Wanneer samenwonenden een onroerend goed aankopen, wordt in beginsel aangenomen dat zij dit doen in onverdeeldheid, ieder voor de helft, tenzij anders vermeld in de aankoopakte. Bij gebreke aan een afwijkende aanduiding in de notariële akte, geldt dit vermoeden ongeacht de effectieve financiële bijdrage van elk. Wie dus meer heeft betaald dan zijn formeel aandeel, kan enkel aanspraak maken op terugbetaling als dit uitdrukkelijk werd bedongen of nadien kan worden bewezen als lening of vordering.
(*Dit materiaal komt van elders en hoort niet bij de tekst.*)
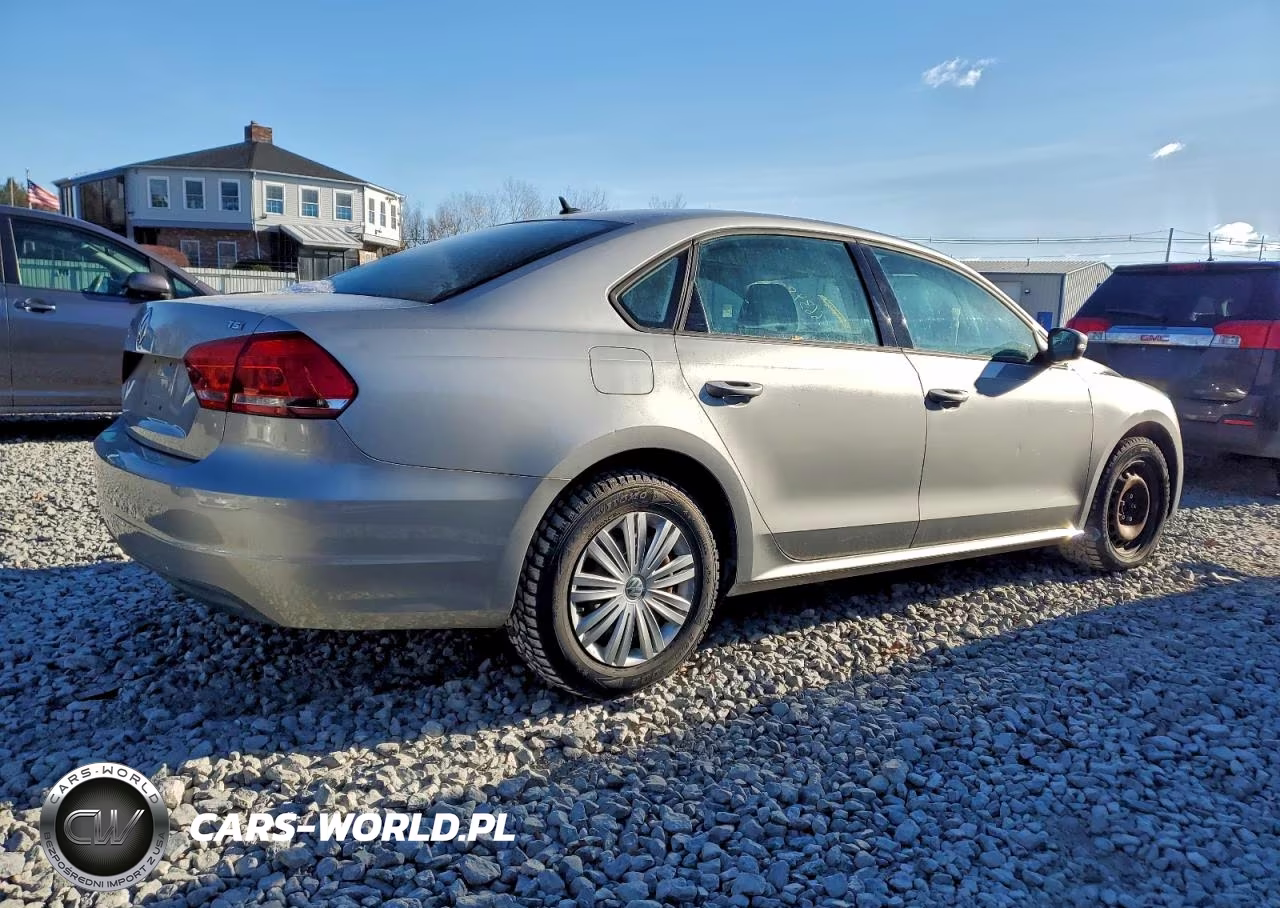 2014 Volkswagen Passat 1.8T S VIN:1VWAT7A35EC111689 - 3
Een veel voorkomend misverstand is dat de oorsprong van de middelen automatisch het eigendomsrecht bepaalt. Dat is niet zo in het externe juridische verkeer. De vermelding in de akte primeert. Wie niet als mede-eigenaar is aangeduid, wordt dat ook niet, zelfs als hij het volledige bedrag heeft betaald. Interne verhoudingen (zoals een vordering op de andere partij) zijn iets anders dan eigendomsrechten. De kwalificatie van een betaling als lening, schenking of investering met het oog op gezamenlijk bezit, is vaak voer voor betwisting bij het einde van de samenwoning.
Indien slechts één partner het goed aankoopt, maar met gezamenlijke middelen of met middelen die deels van de andere afkomstig zijn, rijst de vraag of die aankoop werd gedaan in eigen naam of deels ook als gemachtigde van de andere. Enkel bij uitdrukkelijke of voldoende bewezen lastgeving kan de andere partner dan als mede-eigenaar worden beschouwd. Het bewijs van dergelijke lastgeving kan onder meer volgen uit feitelijke gedragingen, gezamenlijk beheer, aflossingen door beide partijen of schriftelijke afspraken.
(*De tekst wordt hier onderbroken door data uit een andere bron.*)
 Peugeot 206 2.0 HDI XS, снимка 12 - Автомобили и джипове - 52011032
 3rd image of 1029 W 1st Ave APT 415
Sommige samenwonenden verkiezen een beding van aanwas, waarbij wordt overeengekomen dat het goed bij overlijden van één van beiden volledig eigendom wordt van de overlevende. Dit beding is geldig indien het kanscontractkarakter aanwezig is en er geen vermomde schenking of verboden overeenkomst over een toekomstige nalatenschap uit blijkt. De constructie veronderstelt dat tijdens het leven beide partners elk eigenaar zijn onder ontbindende voorwaarde van vooroverlijden, en van het geheel onder opschortende voorwaarde van overleven. In de praktijk is een goed opgesteld aanwasbeding aangewezen om latere geschillen met erfgenamen te vermijden.
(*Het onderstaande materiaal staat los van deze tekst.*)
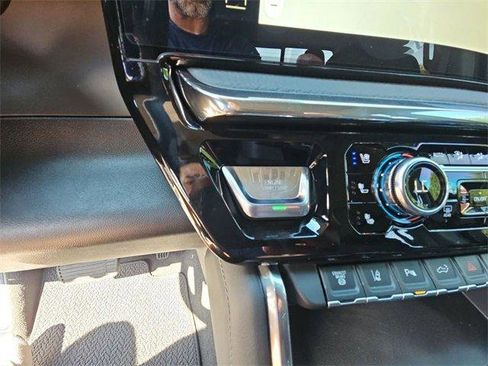 New 2026 GMC Sierra 2500 Denali w/ Denali Reserve Package image 17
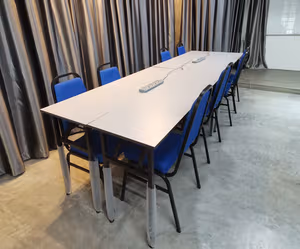 16 Person Coworking Desk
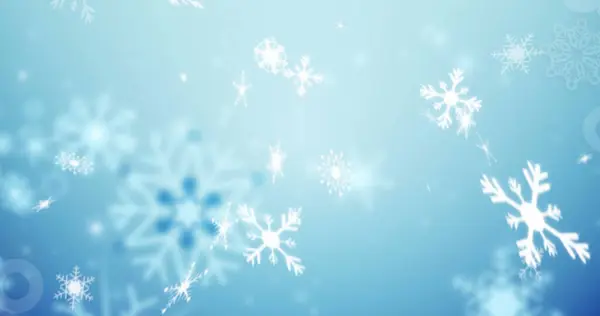 Imagen Copos Nieve Cayendo Sobre Fondo Azul Navidad Tradición Concepto — Foto de Stock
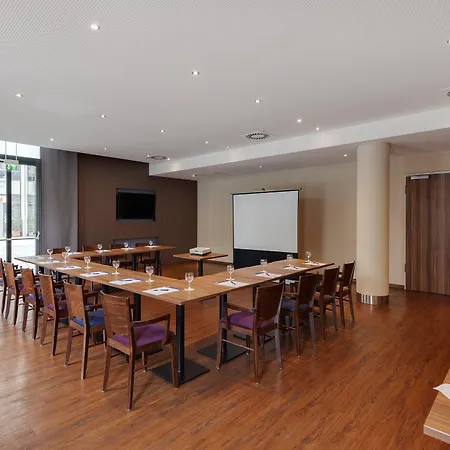 Express Centre Hotel 3*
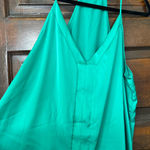 Ekouaer  Tank Photo 0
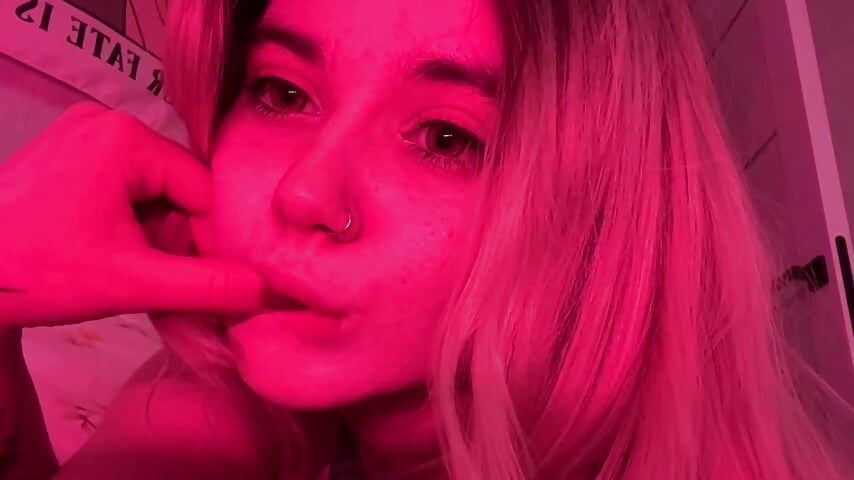 Hey ^^ - video by AliceTease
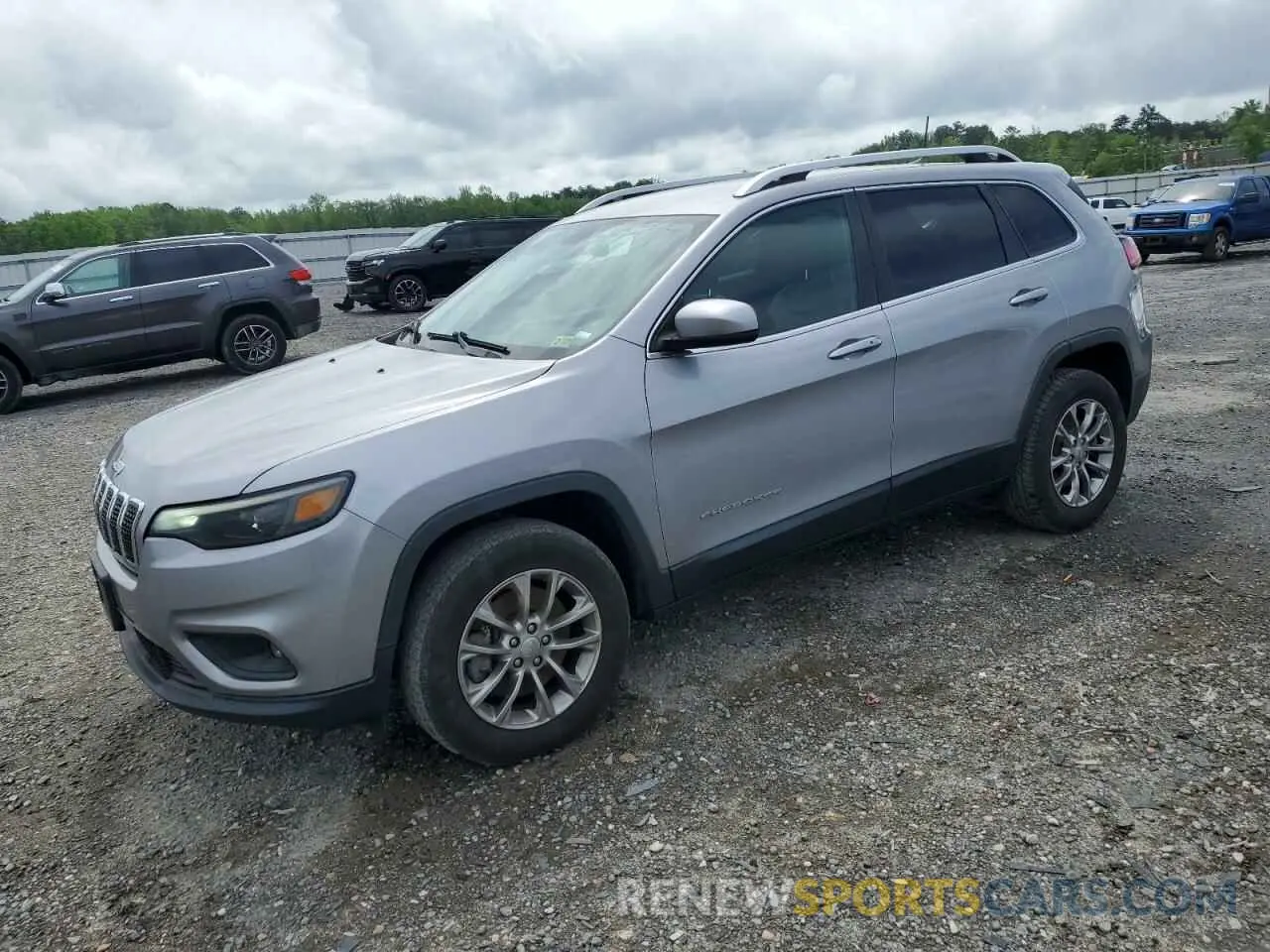 1 Photograph of a damaged car 1C4PJMLB4KD319736 JEEP CHEROKEE 2019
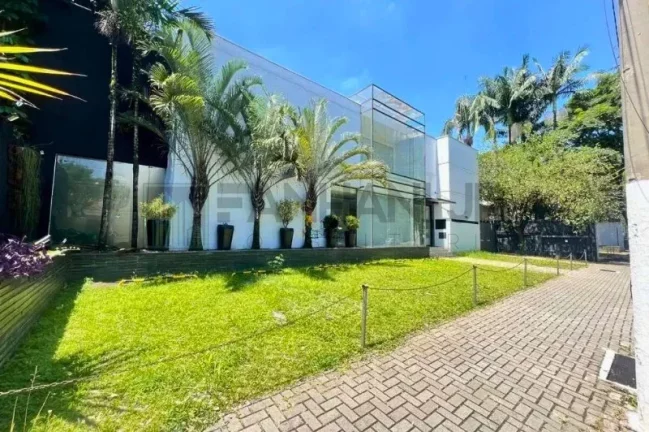 Imagem Excelente oportunidade de locação de casa comercial no Jardim América, São Paulo-SP: 5 salas, 8 banheiros, 1000m² de área!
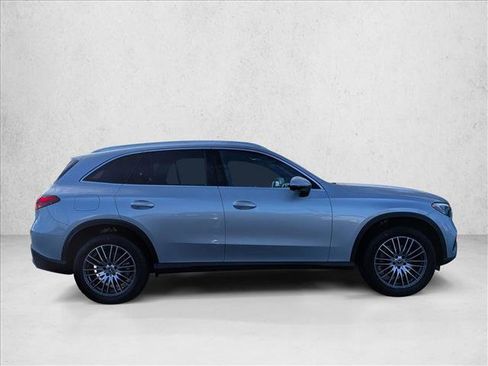 Certified 2024 Mercedes-Benz GLC 300 4MATIC image 4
Bij het einde van de samenwoning ontstaan regelmatig betwistingen over investeringen in elkaars goed. Indien bijvoorbeeld één partner aanzienlijke werken uitvoert of financiert aan een woning die exclusief eigendom is van de andere, ontstaat potentieel een vergoedingsvordering. Toch is het niet altijd evident of die vordering juridisch gegrond is. Sommige rechtbanken beschouwen de uitgaven als een vorm van huishoudelijke solidariteit of als schenkingen, zeker wanneer er jarenlang samen werd geleefd zonder bezwaar. Andere rechters aanvaarden wel een vergoedingsrecht op grond van de verrijking zonder oorzaak, maar enkel indien cumulatief aan strikte voorwaarden is voldaan (verarming, verrijking, afwezigheid van andere rechtsgrond).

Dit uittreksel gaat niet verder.